### [WORK TO COMPLETE]
Would you please output, word for word, the span of the listing below that opens on the line containing "Накладная раковина Lavinia" and closes on the line containing "Cold Use Food"? Include both ends and nothing more.
╭──
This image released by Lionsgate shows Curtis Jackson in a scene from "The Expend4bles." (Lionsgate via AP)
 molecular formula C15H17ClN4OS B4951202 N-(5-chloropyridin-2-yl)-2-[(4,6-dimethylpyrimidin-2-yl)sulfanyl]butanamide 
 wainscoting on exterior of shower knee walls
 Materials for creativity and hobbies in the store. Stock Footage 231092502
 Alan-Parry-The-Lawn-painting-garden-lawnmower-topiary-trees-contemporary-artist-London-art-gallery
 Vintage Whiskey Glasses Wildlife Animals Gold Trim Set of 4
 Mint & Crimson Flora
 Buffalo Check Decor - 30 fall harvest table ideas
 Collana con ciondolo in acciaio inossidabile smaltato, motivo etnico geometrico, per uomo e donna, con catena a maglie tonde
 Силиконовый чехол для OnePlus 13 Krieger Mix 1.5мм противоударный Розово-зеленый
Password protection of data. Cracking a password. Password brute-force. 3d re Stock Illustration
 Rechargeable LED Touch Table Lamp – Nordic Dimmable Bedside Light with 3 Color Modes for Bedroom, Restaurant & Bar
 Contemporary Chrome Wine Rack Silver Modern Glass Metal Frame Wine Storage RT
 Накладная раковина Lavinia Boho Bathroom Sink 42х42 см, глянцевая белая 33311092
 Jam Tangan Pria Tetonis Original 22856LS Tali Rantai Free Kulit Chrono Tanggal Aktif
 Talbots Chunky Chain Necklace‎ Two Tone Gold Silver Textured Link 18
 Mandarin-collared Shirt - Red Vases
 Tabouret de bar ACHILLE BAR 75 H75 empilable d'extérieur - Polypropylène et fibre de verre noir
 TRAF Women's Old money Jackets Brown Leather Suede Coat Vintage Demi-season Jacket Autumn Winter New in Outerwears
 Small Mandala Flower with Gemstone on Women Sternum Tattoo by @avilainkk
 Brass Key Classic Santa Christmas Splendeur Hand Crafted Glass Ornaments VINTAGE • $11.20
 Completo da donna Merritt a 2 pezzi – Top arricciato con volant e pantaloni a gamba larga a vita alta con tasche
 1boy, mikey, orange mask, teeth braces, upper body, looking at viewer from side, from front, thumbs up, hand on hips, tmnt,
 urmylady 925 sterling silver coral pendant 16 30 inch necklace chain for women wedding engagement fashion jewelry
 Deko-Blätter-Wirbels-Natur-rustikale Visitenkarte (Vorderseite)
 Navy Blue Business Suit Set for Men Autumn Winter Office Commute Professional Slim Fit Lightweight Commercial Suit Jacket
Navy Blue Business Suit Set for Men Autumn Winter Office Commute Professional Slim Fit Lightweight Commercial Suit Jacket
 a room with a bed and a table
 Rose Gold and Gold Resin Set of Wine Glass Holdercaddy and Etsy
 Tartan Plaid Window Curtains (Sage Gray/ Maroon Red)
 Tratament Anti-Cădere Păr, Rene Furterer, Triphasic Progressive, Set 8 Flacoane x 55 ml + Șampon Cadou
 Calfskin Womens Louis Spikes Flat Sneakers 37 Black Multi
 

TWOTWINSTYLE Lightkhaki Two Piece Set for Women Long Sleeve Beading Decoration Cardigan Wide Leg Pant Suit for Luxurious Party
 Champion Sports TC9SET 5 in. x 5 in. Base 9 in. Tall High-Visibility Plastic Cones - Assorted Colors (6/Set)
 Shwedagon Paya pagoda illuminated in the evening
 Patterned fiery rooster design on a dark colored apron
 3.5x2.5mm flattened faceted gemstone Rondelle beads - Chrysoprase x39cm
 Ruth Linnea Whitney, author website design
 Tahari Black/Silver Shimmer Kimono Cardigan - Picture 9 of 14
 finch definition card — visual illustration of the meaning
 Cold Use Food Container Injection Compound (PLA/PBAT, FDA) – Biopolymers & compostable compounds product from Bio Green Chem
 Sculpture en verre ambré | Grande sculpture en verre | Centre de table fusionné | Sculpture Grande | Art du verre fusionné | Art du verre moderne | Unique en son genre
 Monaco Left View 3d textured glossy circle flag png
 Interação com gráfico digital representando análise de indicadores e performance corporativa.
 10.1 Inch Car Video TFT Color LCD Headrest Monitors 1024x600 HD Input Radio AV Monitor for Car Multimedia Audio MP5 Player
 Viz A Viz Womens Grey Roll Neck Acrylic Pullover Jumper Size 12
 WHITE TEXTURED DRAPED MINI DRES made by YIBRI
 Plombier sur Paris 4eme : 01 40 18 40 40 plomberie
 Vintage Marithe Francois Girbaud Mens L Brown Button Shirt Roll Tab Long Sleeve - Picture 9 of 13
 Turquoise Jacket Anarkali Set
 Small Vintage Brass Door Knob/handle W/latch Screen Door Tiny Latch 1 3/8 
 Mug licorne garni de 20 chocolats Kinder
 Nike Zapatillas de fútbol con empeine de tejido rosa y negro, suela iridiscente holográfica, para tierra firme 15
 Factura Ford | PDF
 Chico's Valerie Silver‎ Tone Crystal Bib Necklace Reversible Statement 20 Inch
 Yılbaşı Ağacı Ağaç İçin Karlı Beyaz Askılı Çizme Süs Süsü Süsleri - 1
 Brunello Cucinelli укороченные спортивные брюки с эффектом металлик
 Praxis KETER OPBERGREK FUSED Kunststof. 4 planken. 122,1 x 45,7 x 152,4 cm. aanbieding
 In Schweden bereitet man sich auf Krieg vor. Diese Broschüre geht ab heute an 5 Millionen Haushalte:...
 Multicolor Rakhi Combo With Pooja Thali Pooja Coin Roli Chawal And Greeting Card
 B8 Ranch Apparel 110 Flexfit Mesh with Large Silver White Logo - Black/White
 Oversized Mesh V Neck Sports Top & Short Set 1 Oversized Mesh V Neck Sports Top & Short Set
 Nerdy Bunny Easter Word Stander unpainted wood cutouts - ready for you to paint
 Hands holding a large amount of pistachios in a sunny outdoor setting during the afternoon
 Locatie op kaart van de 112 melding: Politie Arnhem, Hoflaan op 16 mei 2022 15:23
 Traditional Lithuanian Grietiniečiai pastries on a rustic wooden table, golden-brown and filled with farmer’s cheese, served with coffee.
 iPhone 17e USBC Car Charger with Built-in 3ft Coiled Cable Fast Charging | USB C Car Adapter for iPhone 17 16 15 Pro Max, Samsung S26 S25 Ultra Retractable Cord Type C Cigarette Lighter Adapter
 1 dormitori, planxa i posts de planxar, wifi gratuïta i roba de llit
╰──
### [ANSWER TO THIS EXERCISE]
 Накладная раковина Lavinia Boho Bathroom Sink 42х42 см, глянцевая белая 33311092
 Jam Tangan Pria Tetonis Original 22856LS Tali Rantai Free Kulit Chrono Tanggal Aktif
 Talbots Chunky Chain Necklace‎ Two Tone Gold Silver Textured Link 18
 Mandarin-collared Shirt - Red Vases
 Tabouret de bar ACHILLE BAR 75 H75 empilable d'extérieur - Polypropylène et fibre de verre noir
 TRAF Women's Old money Jackets Brown Leather Suede Coat Vintage Demi-season Jacket Autumn Winter New in Outerwears
 Small Mandala Flower with Gemstone on Women Sternum Tattoo by @avilainkk
 Brass Key Classic Santa Christmas Splendeur Hand Crafted Glass Ornaments VINTAGE • $11.20
 Completo da donna Merritt a 2 pezzi – Top arricciato con volant e pantaloni a gamba larga a vita alta con tasche
 1boy, mikey, orange mask, teeth braces, upper body, looking at viewer from side, from front, thumbs up, hand on hips, tmnt,
 urmylady 925 sterling silver coral pendant 16 30 inch necklace chain for women wedding engagement fashion jewelry
 Deko-Blätter-Wirbels-Natur-rustikale Visitenkarte (Vorderseite)
 Navy Blue Business Suit Set for Men Autumn Winter Office Commute Professional Slim Fit Lightweight Commercial Suit Jacket
Navy Blue Business Suit Set for Men Autumn Winter Office Commute Professional Slim Fit Lightweight Commercial Suit Jacket
 a room with a bed and a table
 Rose Gold and Gold Resin Set of Wine Glass Holdercaddy and Etsy
 Tartan Plaid Window Curtains (Sage Gray/ Maroon Red)
 Tratament Anti-Cădere Păr, Rene Furterer, Triphasic Progressive, Set 8 Flacoane x 55 ml + Șampon Cadou
 Calfskin Womens Louis Spikes Flat Sneakers 37 Black Multi
 

TWOTWINSTYLE Lightkhaki Two Piece Set for Women Long Sleeve Beading Decoration Cardigan Wide Leg Pant Suit for Luxurious Party
 Champion Sports TC9SET 5 in. x 5 in. Base 9 in. Tall High-Visibility Plastic Cones - Assorted Colors (6/Set)
 Shwedagon Paya pagoda illuminated in the evening
 Patterned fiery rooster design on a dark colored apron
 3.5x2.5mm flattened faceted gemstone Rondelle beads - Chrysoprase x39cm
 Ruth Linnea Whitney, author website design
 Tahari Black/Silver Shimmer Kimono Cardigan - Picture 9 of 14
 finch definition card — visual illustration of the meaning
 Cold Use Food Container Injection Compound (PLA/PBAT, FDA) – Biopolymers & compostable compounds product from Bio Green Chem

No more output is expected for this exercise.